The military conducted the review under a directive from Congress in the 2002 National Defense Authorization Act. The law required that the record of each Jewish American and Hispanic American veteran who received the second-highest medal for gallantry during or after World War II — the Distinguished Service Cross for the Army, the Air Force Cross for that branch, and the Navy Cross for the Navy and Marine Corps — be reviewed for possible upgrade to the Medal of Honor.
The Pentagon said the Army reviewed the cases of the 6,505 recipients of the Distinguished Service Cross from World War II and the Korean and Vietnam wars and found an eligible pool of 600 soldiers who may have been Jewish or Hispanic. The smaller branches found 275 among them.

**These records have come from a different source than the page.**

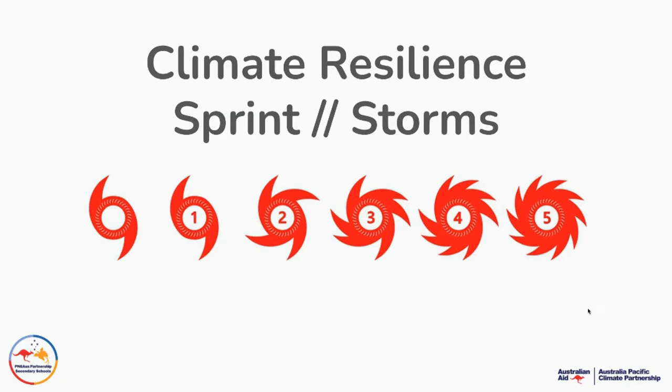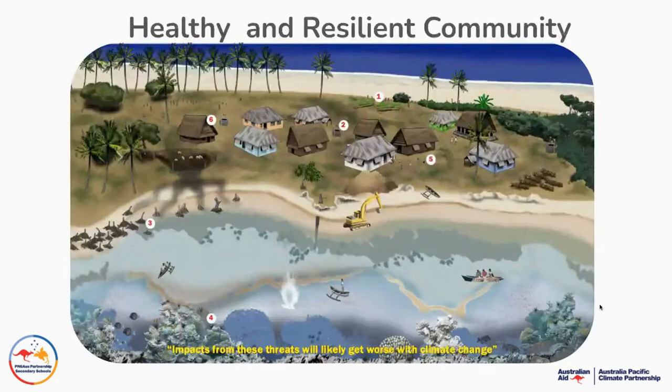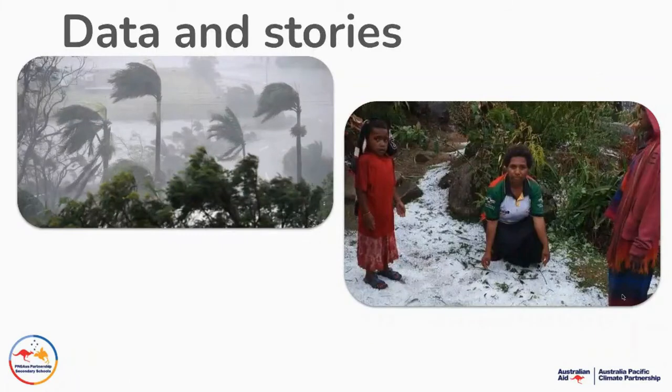What we're going to do is explore the challenges around storms. We know that data is telling us that while we might get actually fewer storms in the Pacific, they are going to be much, much more powerful with the impact of human climate change. So we're going to be exploring in this design sprint what it means to be a healthy and resilient community — what are the factors which keep our community resilient to climate change and to the impacts of weather, in particular storms.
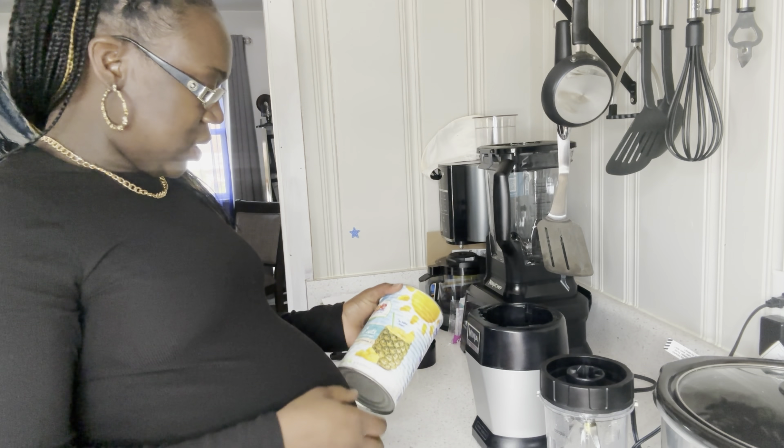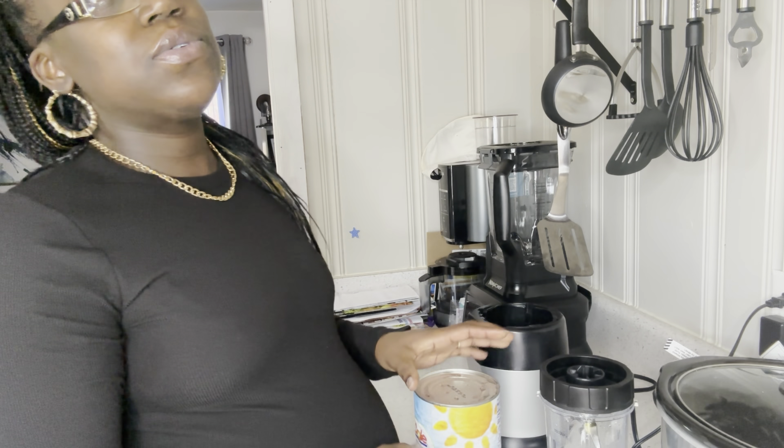Hey everyone, welcome back to my channel! Today is April 1st, 2023, and I am 38 weeks and one day. Guess what we're about to do?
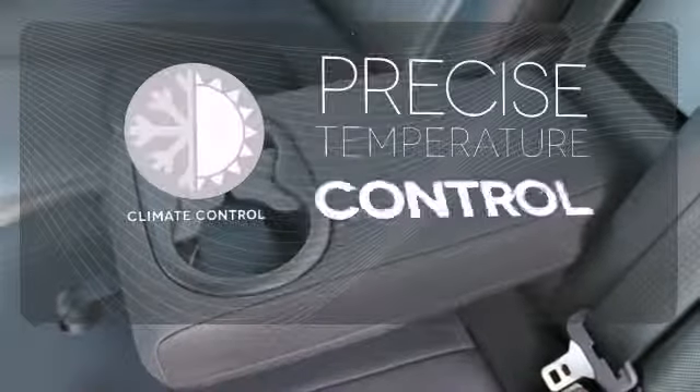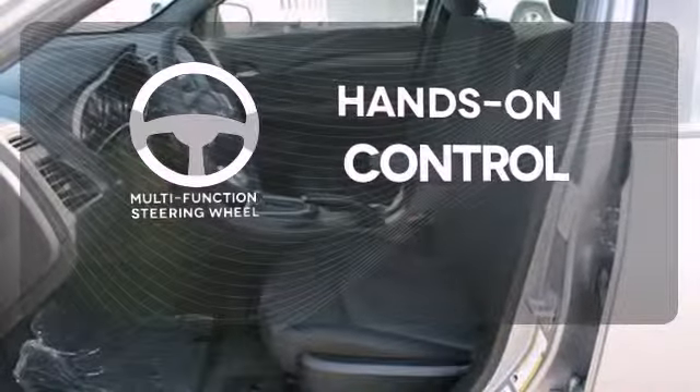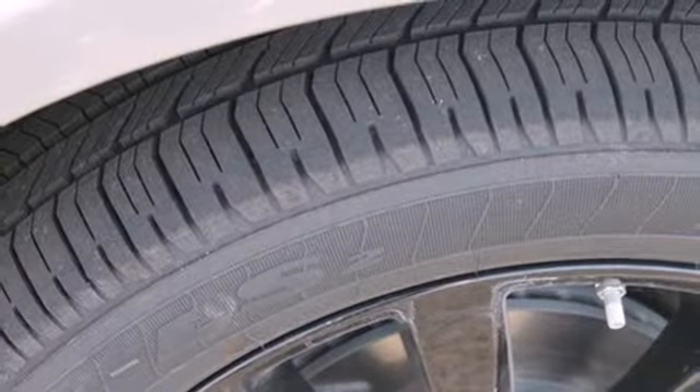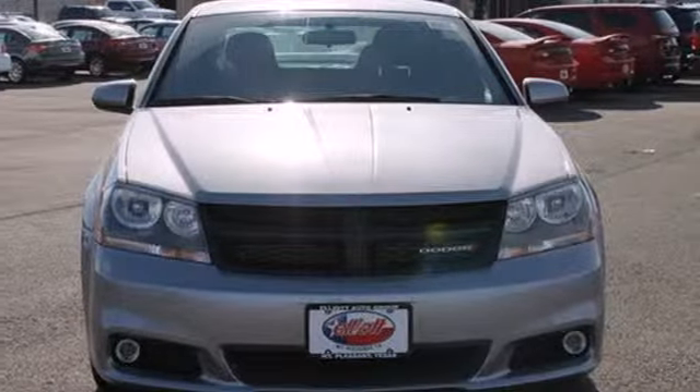Select the perfect temperature with the climate control. The multifunction steering wheel helps keep your eyes on the road and your hands on the wheel. When it comes to performance, it's all about how you use it. So don't hold back. Test drive this Avenger today.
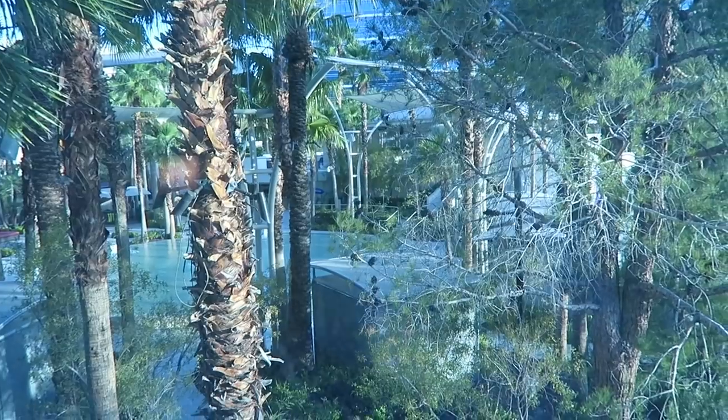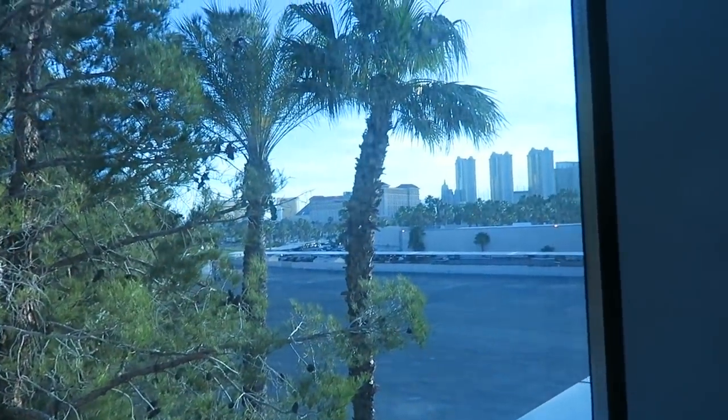And here is our view — we have a pool view. Cool! So we are going to unpack our lives. We're going to the Pink Taco tonight, which is just right downstairs. Our reservation is at 7:30 and that's in about an hour. So I think we're going to veg out and unpack first.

Two dozen veterans — all from the Army — emerged as worthy of an upgrade to the Medal of Honor. Of the 24, eight fought in the Vietnam War, nine in the Korean War and seven in World War II.
Morris was the only African-American veteran identified as part of the review. The initial congressional order did not include black service members for reassessment, but it was later amended to allow others deserving an upgraded commendation — not just Hispanic or Jewish service members — to receive one.

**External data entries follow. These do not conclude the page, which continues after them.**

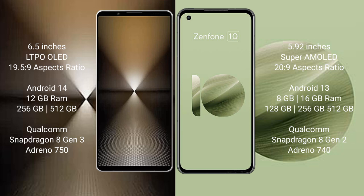Sony Xperia 1 Mark 6 runs on the Android 14 operating system. Asus Zenfone 10 runs on the Android 13 operating system.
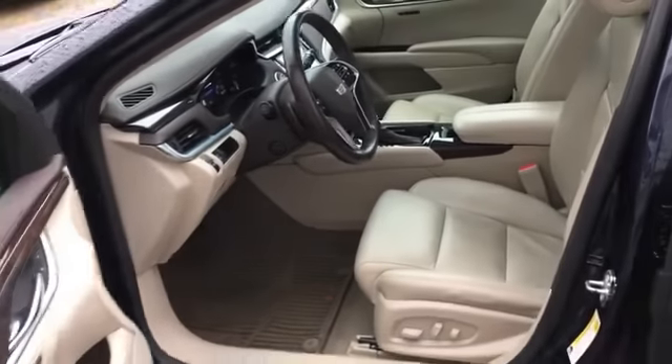HID headlights, power driver seat, power passenger seat, pass-through rear seat, and air ride suspension. Come in now —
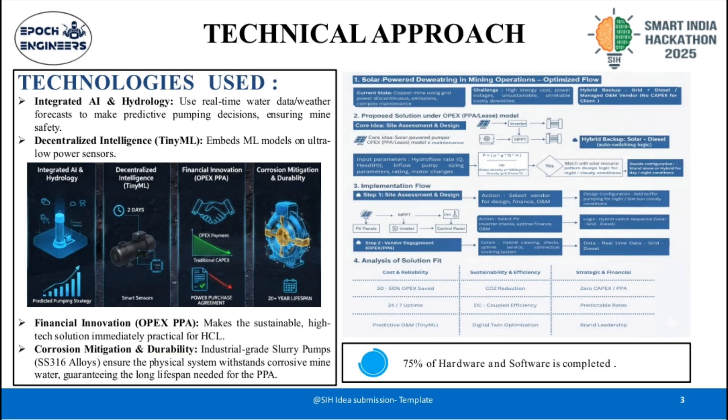Our technical approach is built on a foundation of high efficiency and intelligent resilience. We use DC couple architecture, connecting the solar array directly to the pump's VFT, maximizing efficiency by eliminating conversion losses. We ensure durability using industrial-grade SS316 slurry or submersible pumps to withstand corrosive mine water. The system is managed by an AI-driven digital twin with decentralized TinyML intelligence on edge sensors, enabling prediction of hardware failures days ahead and guaranteeing near-zero unplanned downtime.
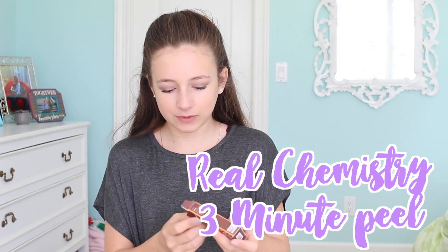The next thing I got was this Real Chemistry Luminous Three Minute Peel. So it's like a face mask and the packaging is really cool. I'm going to be trying this out soon.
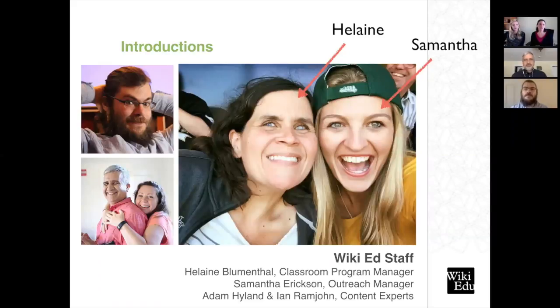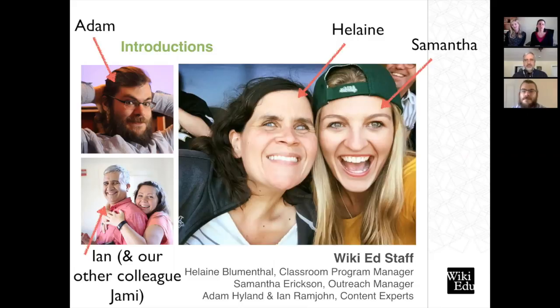My colleagues Ian Ramjan and Adam Hyland are our Wikipedia content experts. Ian is our content expert in the sciences, and Adam is our content expert in the humanities and social sciences. Every course is assigned to work with either Ian or Adam. They are longtime Wikipedians — that's the term for regular contributors to Wikipedia — and also full-time employees at the Wiki Education Foundation. They are the ones actually looking at your students' work throughout the term on questions very specifically about Wikipedia.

"From the beginning of the encounter, until he was medically evacuated, Morris reacted to each situation with a professionalism, and single-minded determination possessed by few men," according to the information released by the Army about Morris, who grew up in a small town in Oklahoma.
He had to keep the medal a secret since Obama's call and said that he is happy to be honored, but that it's even more important to recognize his friends that never returned home.
"Those that aren't even here to receive their medals, those are my heroes," said Morris, who retired from the Army in 1986 as a sergeant first class. "They gave their whole life. They gave everything. They gave it all."
The review identified one deceased Jewish veteran. Five of the 24 identified themselves on military personnel forms as "Caucasian." Military officials said their ethnicity or religious affiliation is uncertain, but their battlefield actions were found to deserve the highest honor.
Information from the Washington Post was used in this report.